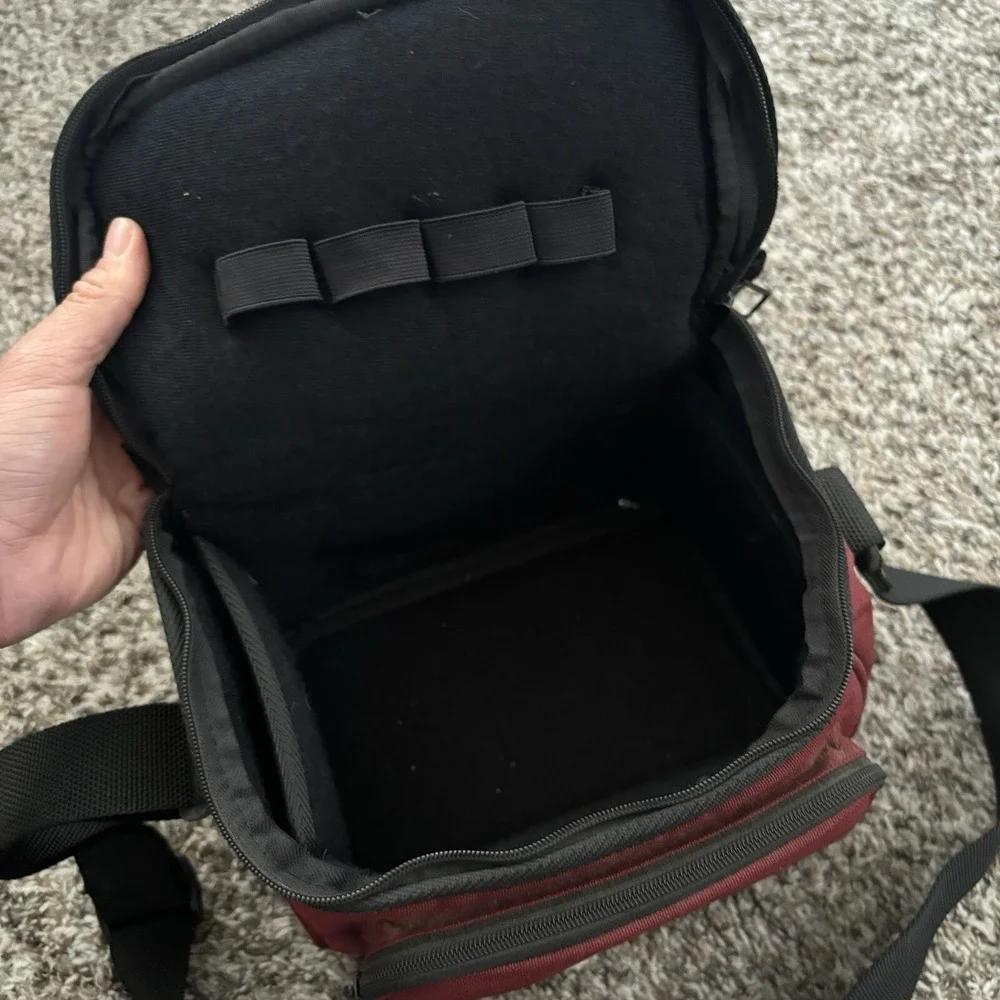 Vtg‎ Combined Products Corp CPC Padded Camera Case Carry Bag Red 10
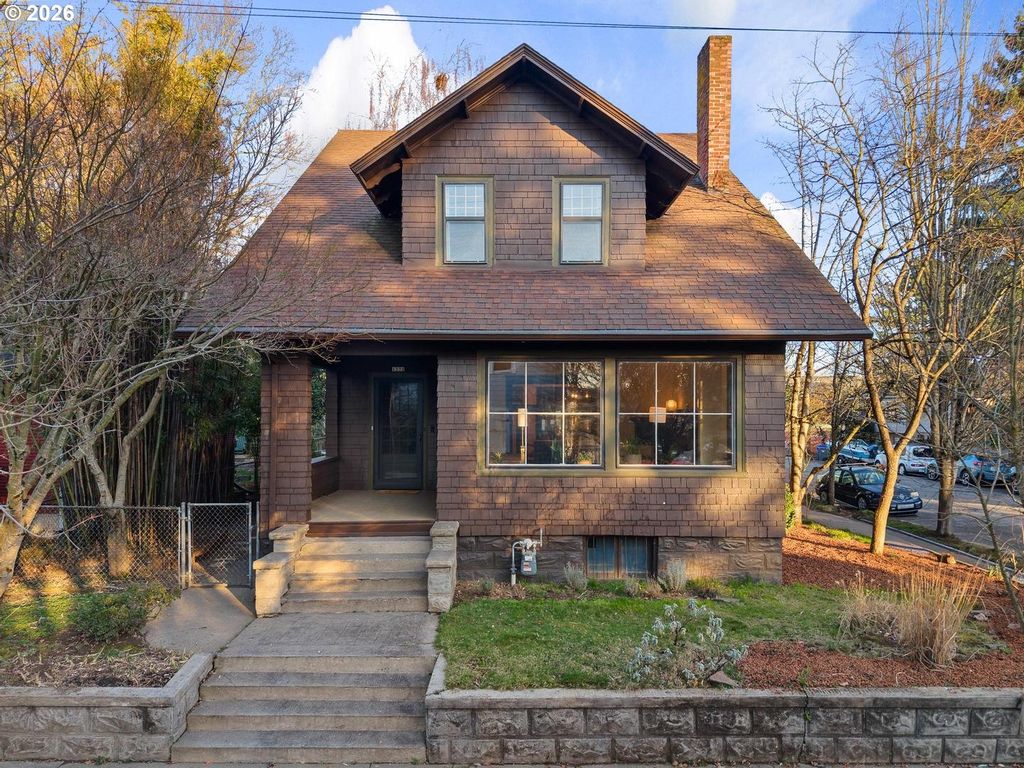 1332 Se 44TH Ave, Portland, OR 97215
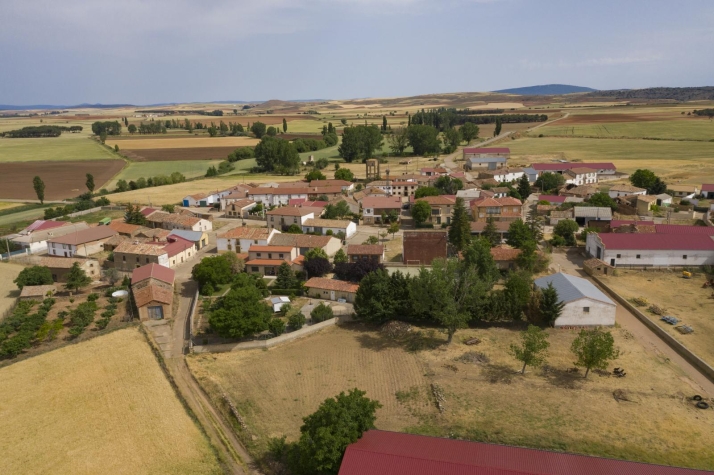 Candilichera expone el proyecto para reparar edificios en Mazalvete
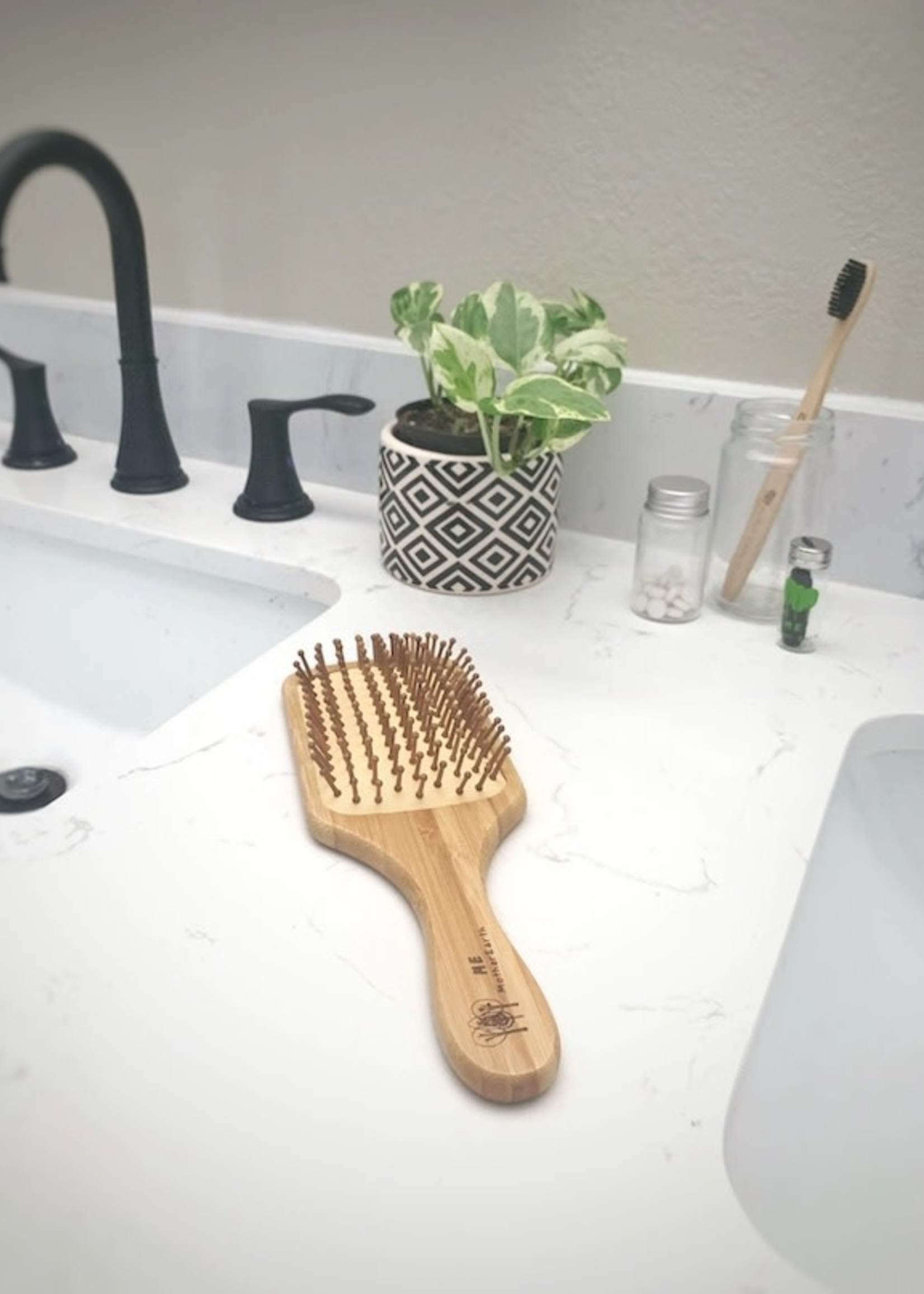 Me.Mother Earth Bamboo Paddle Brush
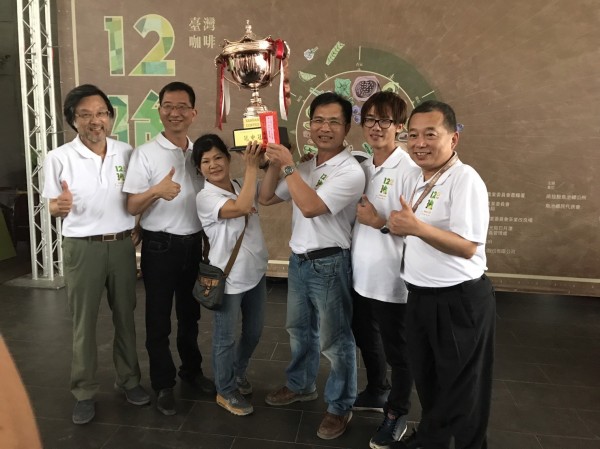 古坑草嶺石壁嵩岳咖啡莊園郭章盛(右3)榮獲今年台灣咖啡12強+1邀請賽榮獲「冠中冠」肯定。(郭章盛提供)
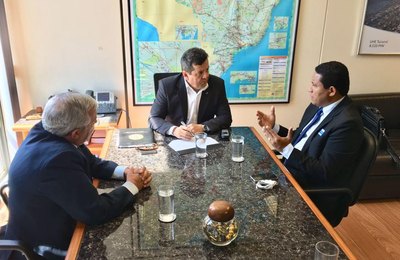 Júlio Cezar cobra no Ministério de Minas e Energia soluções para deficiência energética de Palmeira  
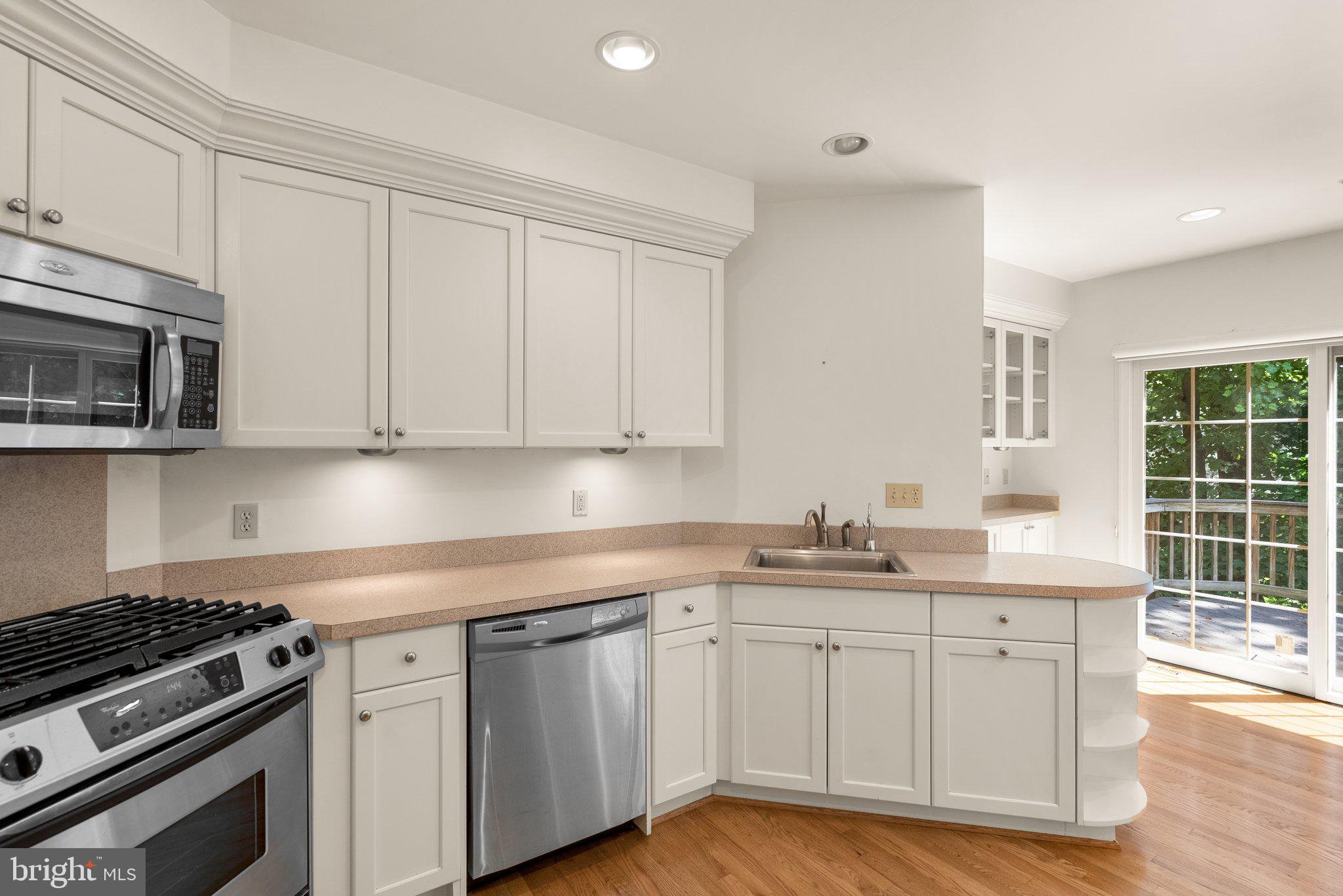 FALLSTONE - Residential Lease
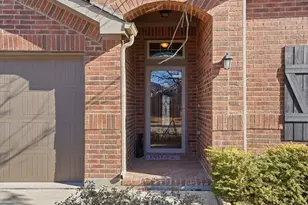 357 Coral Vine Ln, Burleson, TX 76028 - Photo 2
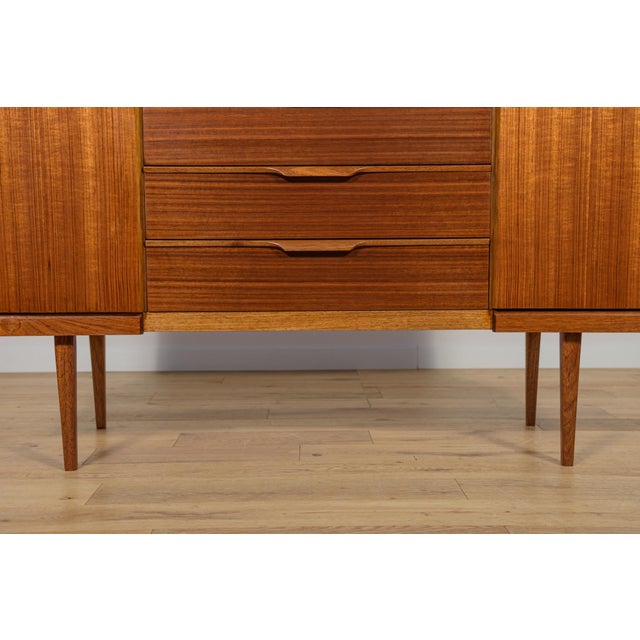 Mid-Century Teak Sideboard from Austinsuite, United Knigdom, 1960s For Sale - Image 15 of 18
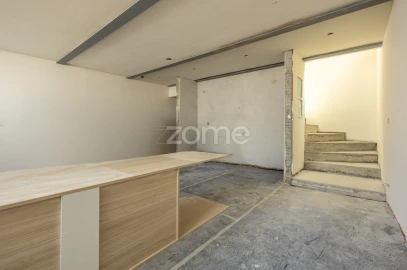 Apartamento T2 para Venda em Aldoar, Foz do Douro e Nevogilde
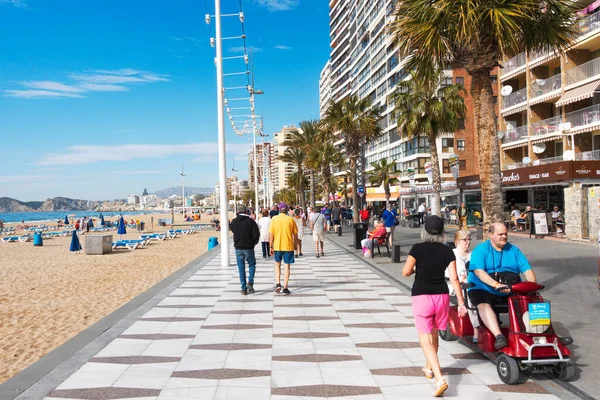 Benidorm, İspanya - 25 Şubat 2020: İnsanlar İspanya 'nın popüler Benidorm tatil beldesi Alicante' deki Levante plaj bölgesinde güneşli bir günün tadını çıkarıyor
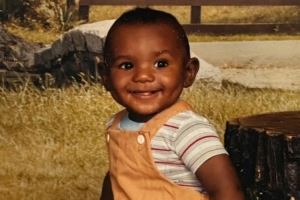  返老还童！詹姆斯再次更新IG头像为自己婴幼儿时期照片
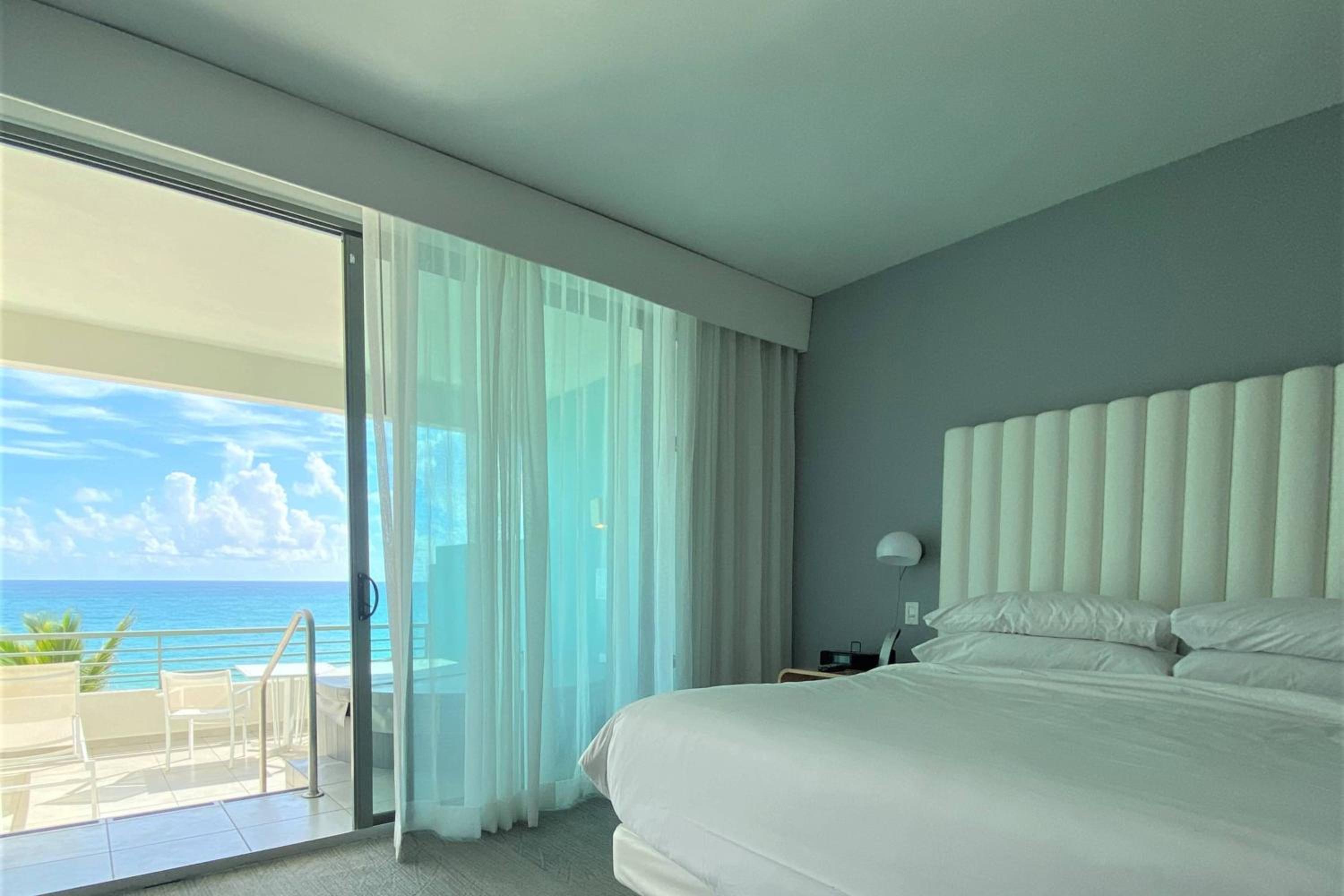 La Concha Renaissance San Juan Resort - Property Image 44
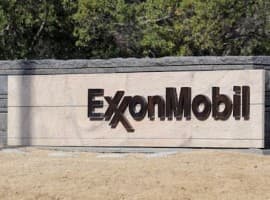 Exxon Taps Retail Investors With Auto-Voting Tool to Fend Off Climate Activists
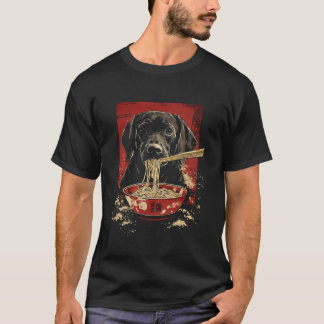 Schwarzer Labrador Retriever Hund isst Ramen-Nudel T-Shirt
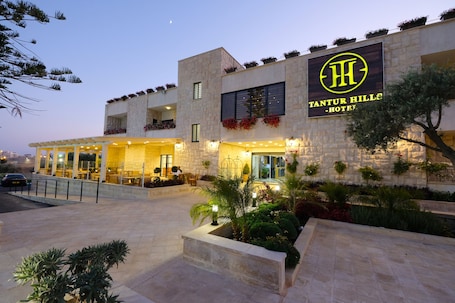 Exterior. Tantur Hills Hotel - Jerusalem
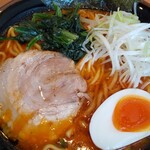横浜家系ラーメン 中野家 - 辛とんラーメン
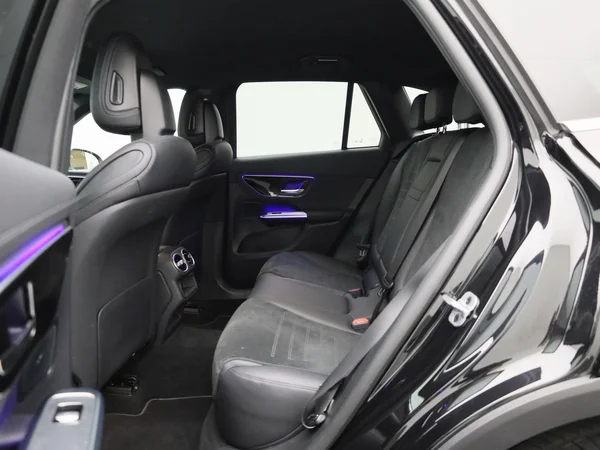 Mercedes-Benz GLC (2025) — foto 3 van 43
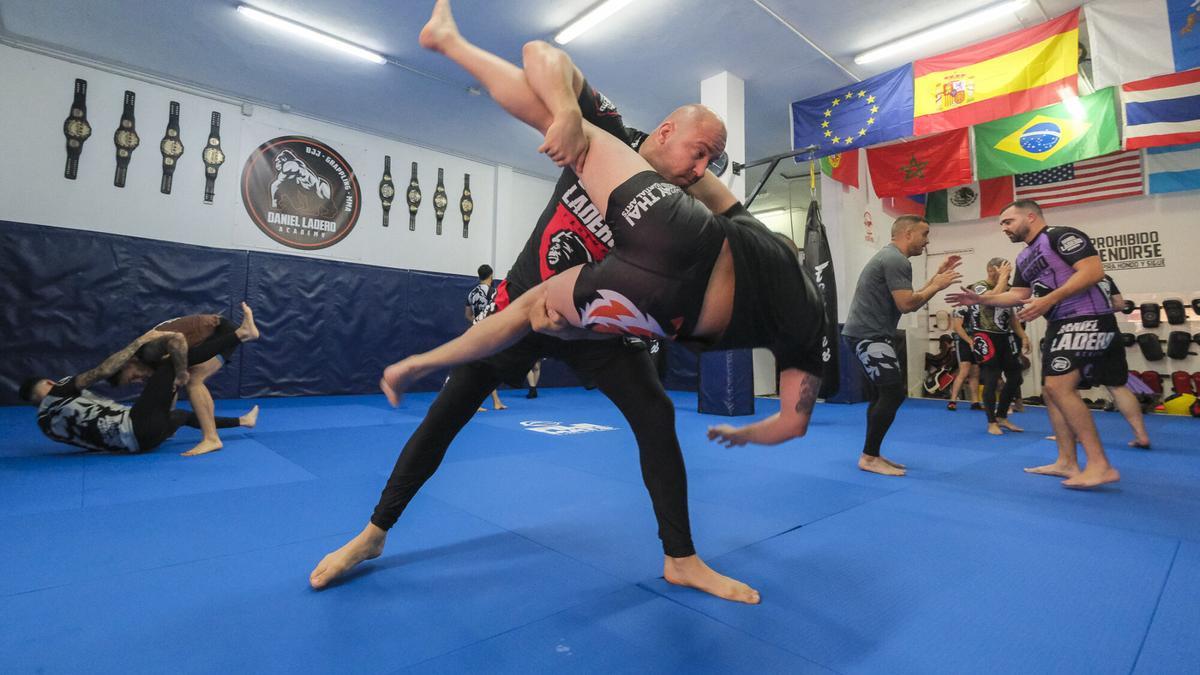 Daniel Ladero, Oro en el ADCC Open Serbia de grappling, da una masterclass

*-*-*

◆ ACTION ITEM
Starting with the line that has "Mid-Century Teak Sideboard" and going on through the line that has "Exxon Taps Retail", transcribe the records above exactly, but skip the pictures.

◆ OUTPUT
 Mid-Century Teak Sideboard from Austinsuite, United Knigdom, 1960s For Sale - Image 15 of 18
 Apartamento T2 para Venda em Aldoar, Foz do Douro e Nevogilde
 Benidorm, İspanya - 25 Şubat 2020: İnsanlar İspanya 'nın popüler Benidorm tatil beldesi Alicante' deki Levante plaj bölgesinde güneşli bir günün tadını çıkarıyor
  返老还童！詹姆斯再次更新IG头像为自己婴幼儿时期照片
 La Concha Renaissance San Juan Resort - Property Image 44
 Exxon Taps Retail Investors With Auto-Voting Tool to Fend Off Climate Activists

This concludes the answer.